On the other hand, it can be confusing when you specify multiple
hostsnames on the command-line and you just get IP numbers back (or
rDNS names without an immediate relation to the hostname) and have
trouble figuring out which target is which.

I have a personal TODO item to use the forward name in Zenmap, but I
found that it is not even in the XML output.

<host><status state="up" reason="conn-refused"/>
<address addr="208.80.152.2" addrtype="ipv4" />
<hostnames><hostname name="rr.pmtpa.wikimedia.org" type="PTR" /></hostnames>
</host>

Yeah, adding the forward name here sounds reasonable.

How should Nmap work in this regard? My quick proposal is
to always prefer the forward name to the reverse name in normal output,
and to use the reverse name when the forward name is not available.

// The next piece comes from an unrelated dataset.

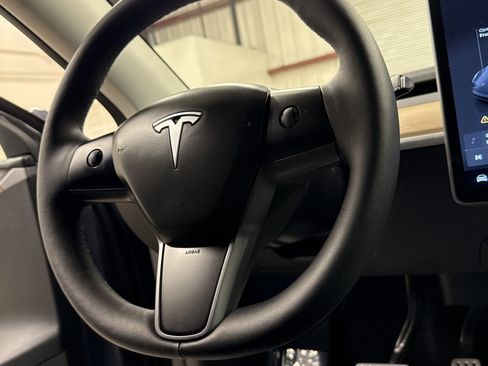 Used 2023 Tesla Model Y Long Range image 10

I can support this (preferring the forward name as the main hostname
used by Nmap) as long as the rDNS name is still noted somewhere
prominently if they differ.  For example, look at this scan:

# nmap -v www.google.com
Starting Nmap 5.00 ( http://nmap.org ) at 2009-08-28 15:16 PDT
NSE: Loaded 0 scripts for scanning.
Warning: Hostname www.google.com resolves to 6 IPs. Using 74.125.127.103.
Initiating Ping Scan at 15:16
Scanning 74.125.127.103 [4 ports]
Completed Ping Scan at 15:16, 0.03s elapsed (1 total hosts)
[...]
Host pz-in-f103.google.com (74.125.127.103) is up (0.094s latency).
Interesting ports on pz-in-f103.google.com (74.125.127.103):
Not shown: 997 filtered ports
PORT    STATE  SERVICE
80/tcp  open   http
113/tcp closed auth
443/tcp open   https

Maybe that second section could be changed to:

Nmap scan report for www.google.com (74.125.127.103)
^^^ This is a new line, which I think is better than only listing the
    host/IP for "Interesting ports" table.  After all, we give a whole
    report now, often including NSE, traceroute, OS detection,
    etc. all below the interesting ports table.
Host is up, received echo-reply (0.094s latency).
^^^ This line still only appears in verbose mode.  I removed the
    name/IP since it is on the previous line.  I added the --reason
    information, as we now should have space to print it in all cases.
    In fact, maybe we should print this line in all cases?  I thinkd
    I'd favor that approach.
Hostname www.google.com resolves to 6 IPs. Only scanned 74.125.127.103
^^^ I'm suggesting moving this here to the target section so it is
    more closely associated with the particular target.  This means
    delaying the information a bit though, so we might still want to keep
    the earlier warning in -v mode (or maybe require -vv).
rDNS record for 74.125.127.103: pz-in-f103.google.com
^^^ This line is only printed if we get an rDNS record and it does not
    match the target name.
Not shown: 997 filtered ports
PORT    STATE  SERVICE
80/tcp  open   http
113/tcp closed auth
443/tcp open   https
^^^ These 5 lines are the same as before, though I removed the line
    "Interesting ports on ..." because we now already know the target
    name/IP, and the "PORT STATE SERVICE" line introduced the port table
    just as well IMHO.

What do folks think about this plan?  It is a moderately big change to
the look of Nmap output.  It will break Nmap -oN parsers, but maybe
that will give them the incentive they need to parse -oX instead.

Sorry for letting the thread wander again :).